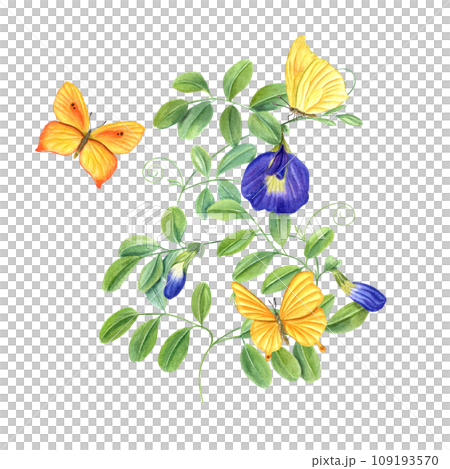 Climbing branches of Thai butterfly pea flowers. Yellow butterflies fluttering around tropical plant. Ipomoea, clitoria ternatea, bluebellvine. Watercolor illustration for package, label, poster Climbing branches of Thai butterfly pea flowers. Yellow butterflies fluttering around tropical plant. Ipomoea, clitoria ternatea, bluebellvine. Watercolor illustration for package, label, poster 109193570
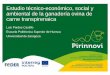09 pirinnovi Estudio técnico-económico, social y ambiental de la ganadería ovina de carne transpirenaica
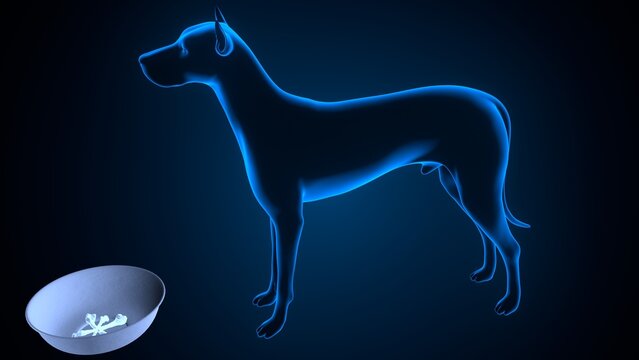 Dog salivation in blue background anatomy. 3d illustrations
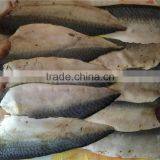 Frozen Mackerel Fish thumbnail-6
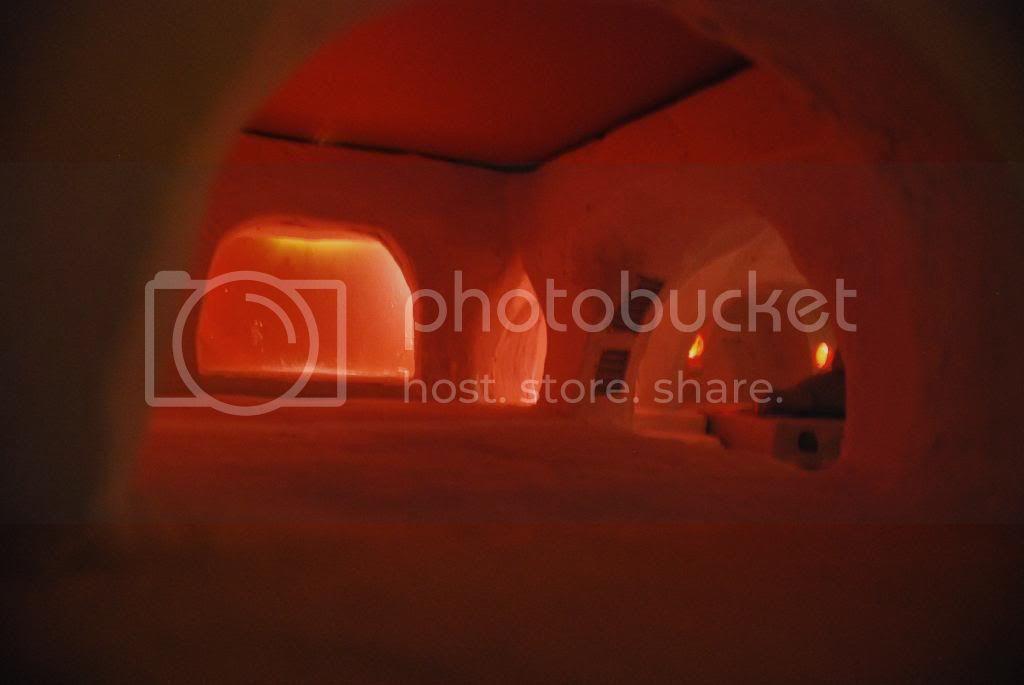 DSC_0310.jpg
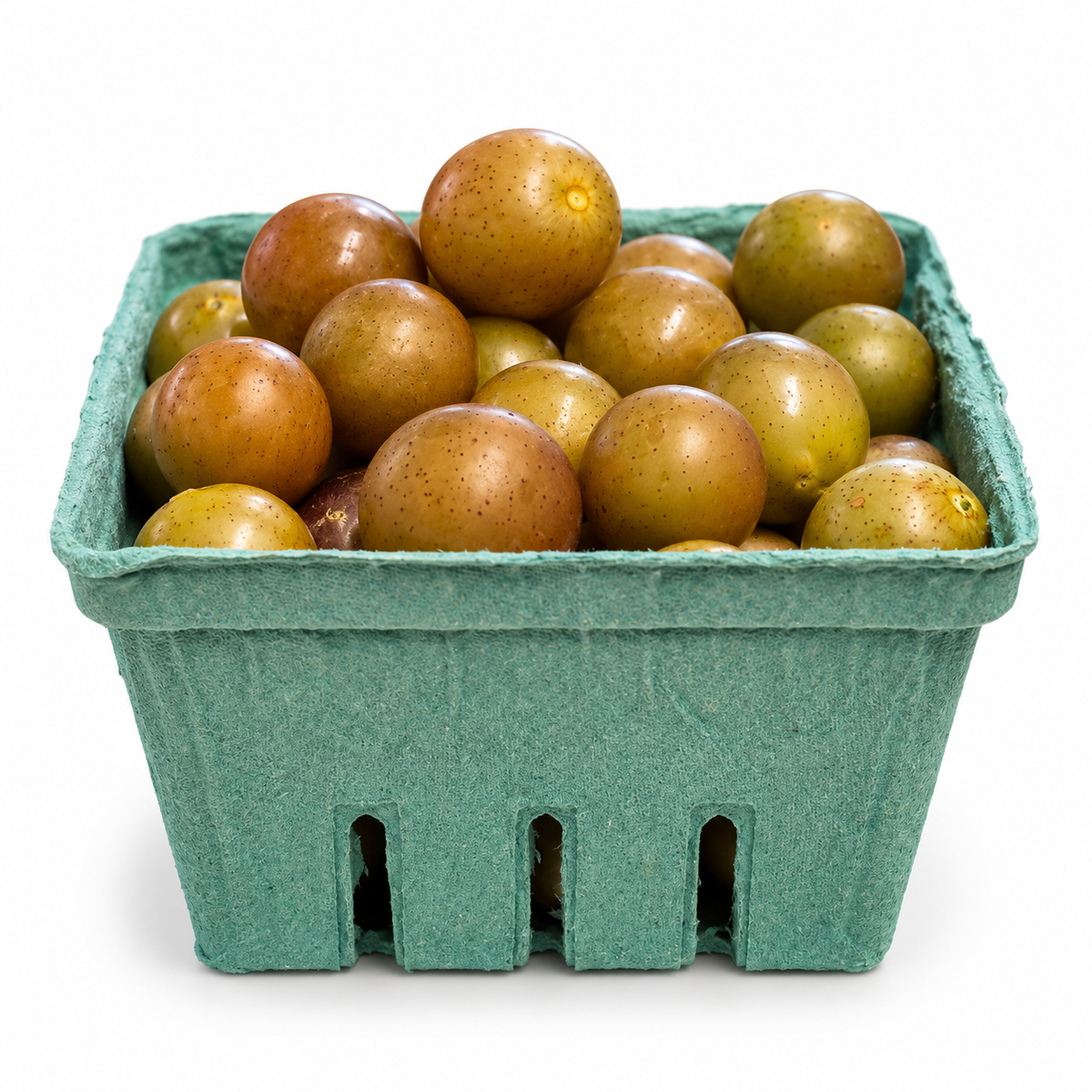 Fresh Muscadines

Problem - The records above need to be reproduced exactly, with all images omitted.

Exercise result -
 Climbing branches of Thai butterfly pea flowers. Yellow butterflies fluttering around tropical plant. Ipomoea, clitoria ternatea, bluebellvine. Watercolor illustration for package, label, poster Climbing branches of Thai butterfly pea flowers. Yellow butterflies fluttering around tropical plant. Ipomoea, clitoria ternatea, bluebellvine. Watercolor illustration for package, label, poster 109193570
09 pirinnovi Estudio técnico-económico, social y ambiental de la ganadería ovina de carne transpirenaica
 Dog salivation in blue background anatomy. 3d illustrations
 Frozen Mackerel Fish thumbnail-6
 DSC_0310.jpg
 Fresh Muscadines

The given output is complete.